▶ _PROBLEM DESCRIPTION_
Set down only these lines, exactly: the line containing "Foto 3 de Consultório" and all lines through the end of the data below. Omit pictures.

▶ _DATASET EXTRACT_
[Start of section]
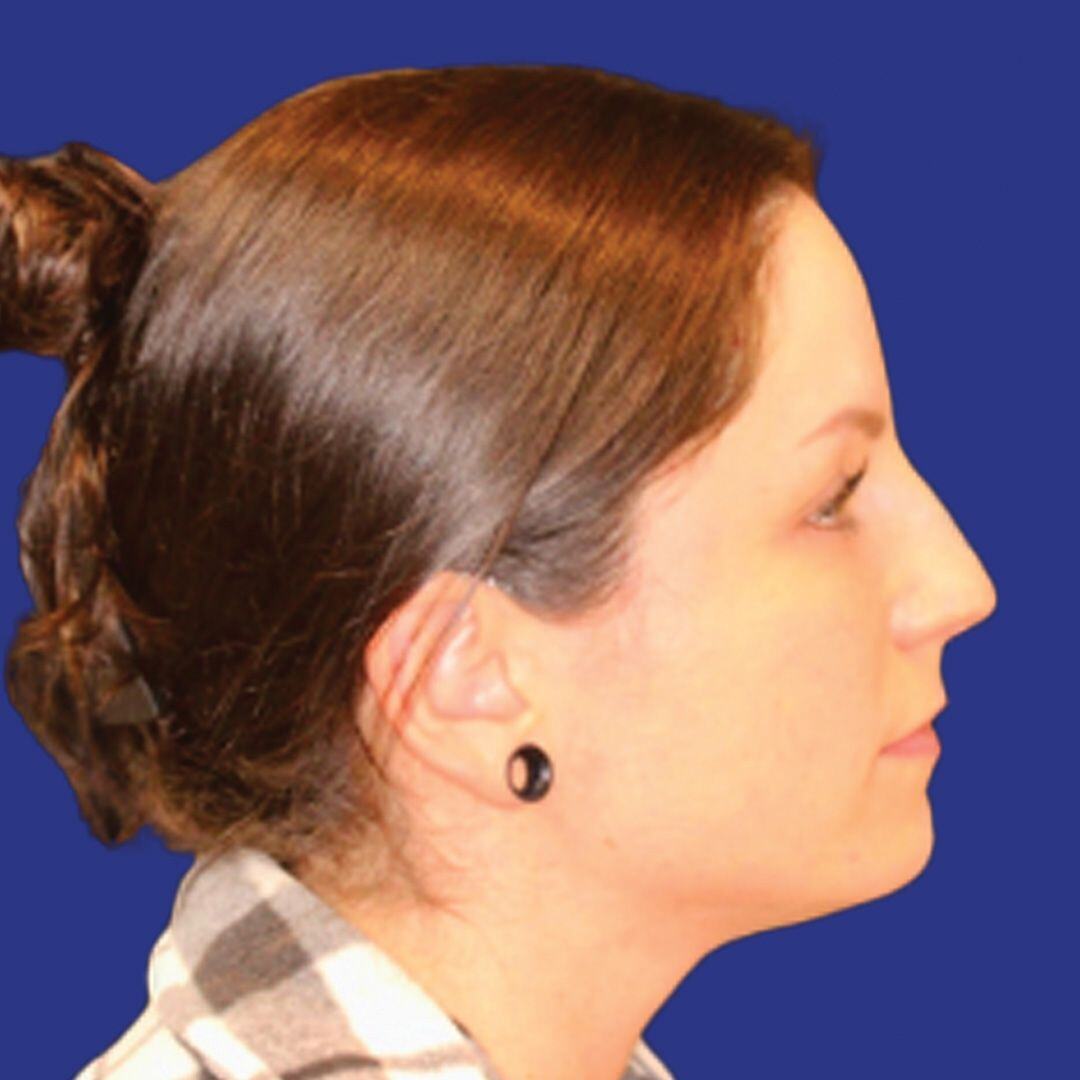 Procedure before and after - before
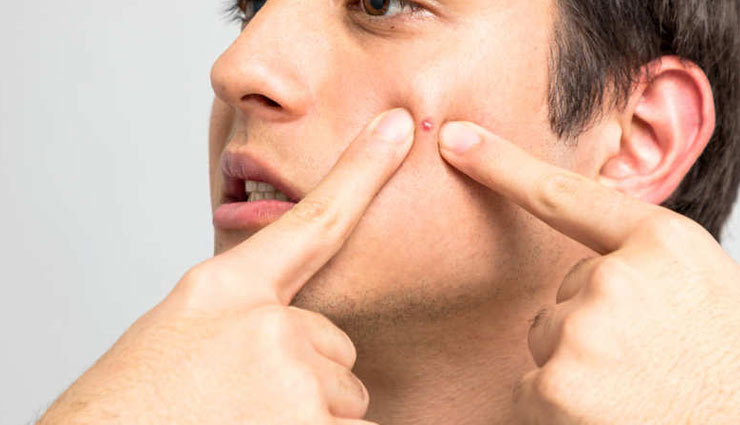 Want To Get Rid of Pimples in 1 Day? Try These Quick Remedies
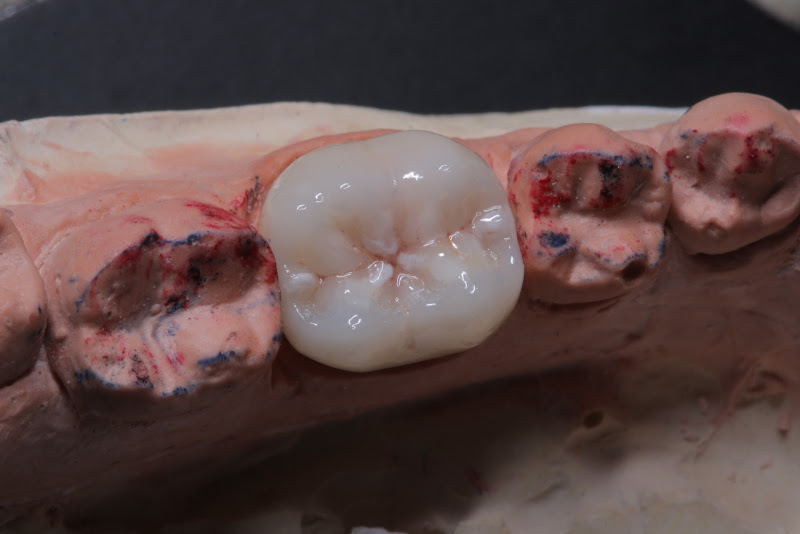 Foto 3 de Consultório Odontológico Dr Ricardo Reis - Odontoricks. Dentista BH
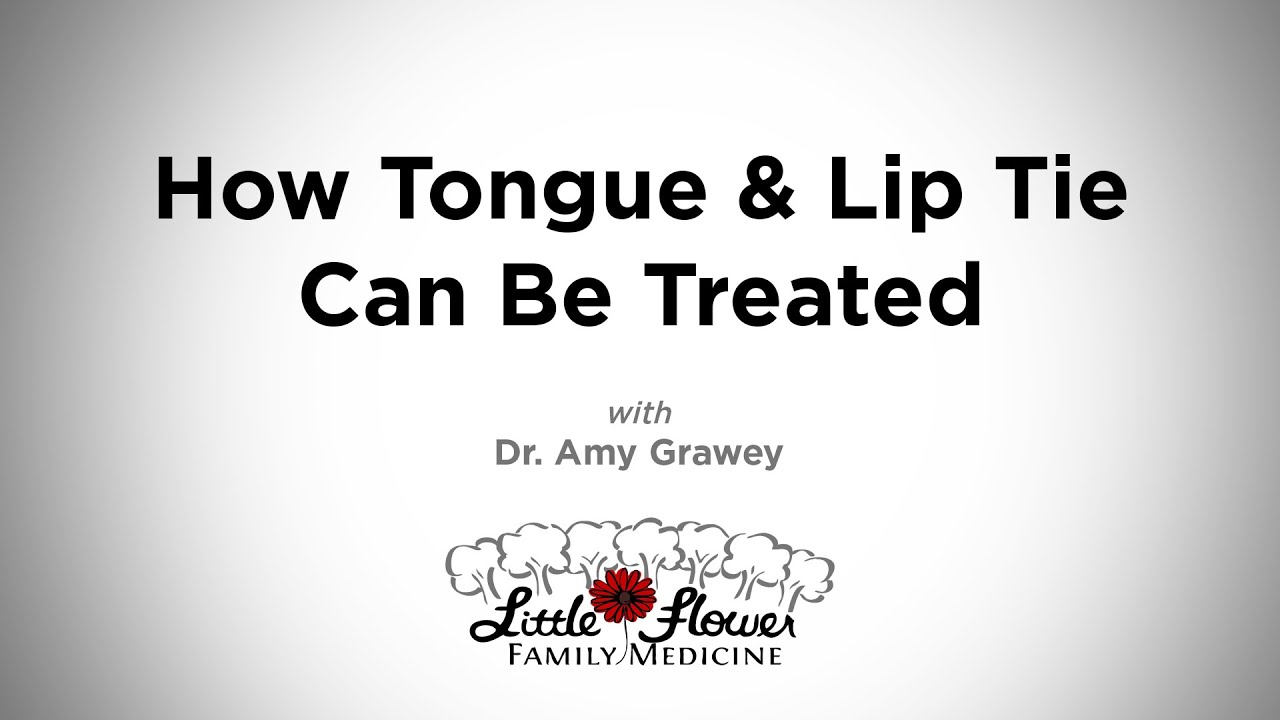 How Tongue & Lip Tie Can Be Treated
[End of section]
▶ _WRITTEN REPLY_
 Foto 3 de Consultório Odontológico Dr Ricardo Reis - Odontoricks. Dentista BH
 How Tongue & Lip Tie Can Be Treated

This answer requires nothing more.